Exercise objective:
Each line from the one with "Ale gratka! Zwierzęta domowe." through the final line of the entries below must be printed exactly, and the pictures must not be.

Dataset items:
= = = = =
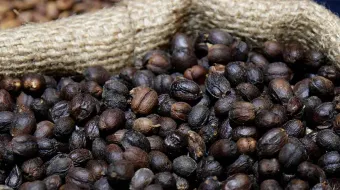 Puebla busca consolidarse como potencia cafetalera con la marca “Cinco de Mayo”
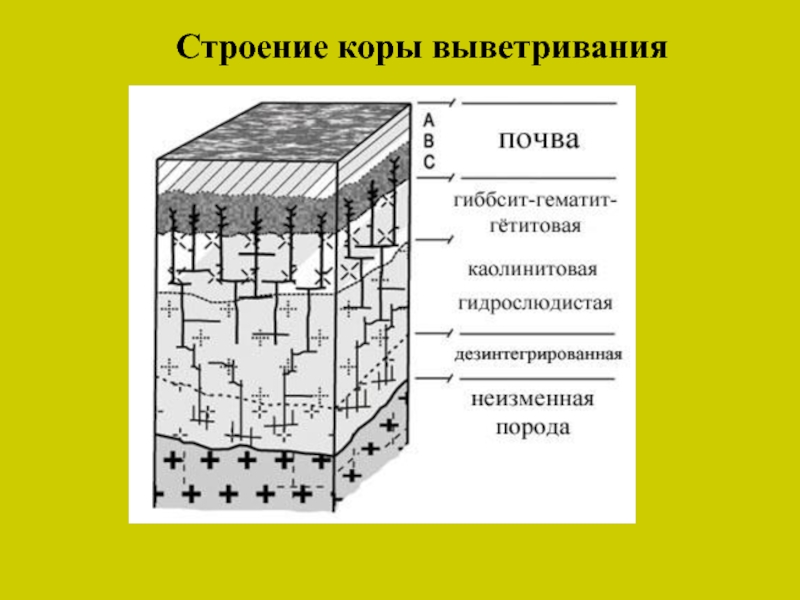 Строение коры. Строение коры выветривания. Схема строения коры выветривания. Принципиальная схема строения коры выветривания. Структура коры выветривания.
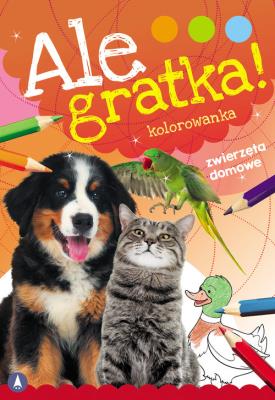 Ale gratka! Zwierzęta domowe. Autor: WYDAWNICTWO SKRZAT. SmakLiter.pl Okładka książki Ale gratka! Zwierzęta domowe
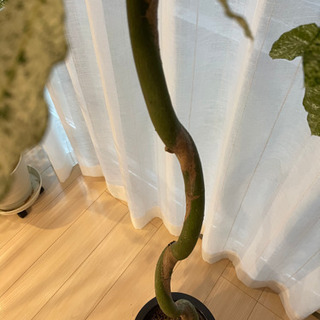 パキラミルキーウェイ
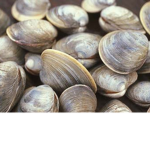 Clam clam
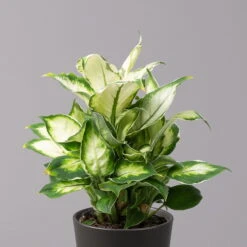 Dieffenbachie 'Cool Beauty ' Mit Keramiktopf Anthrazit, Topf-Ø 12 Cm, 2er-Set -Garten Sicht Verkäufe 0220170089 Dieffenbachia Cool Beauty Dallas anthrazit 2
= = = = =
Answer to the exercise:
 Ale gratka! Zwierzęta domowe. Autor: WYDAWNICTWO SKRZAT. SmakLiter.pl Okładka książki Ale gratka! Zwierzęta domowe
 パキラミルキーウェイ
 Clam clam
 Dieffenbachie 'Cool Beauty ' Mit Keramiktopf Anthrazit, Topf-Ø 12 Cm, 2er-Set -Garten Sicht Verkäufe 0220170089 Dieffenbachia Cool Beauty Dallas anthrazit 2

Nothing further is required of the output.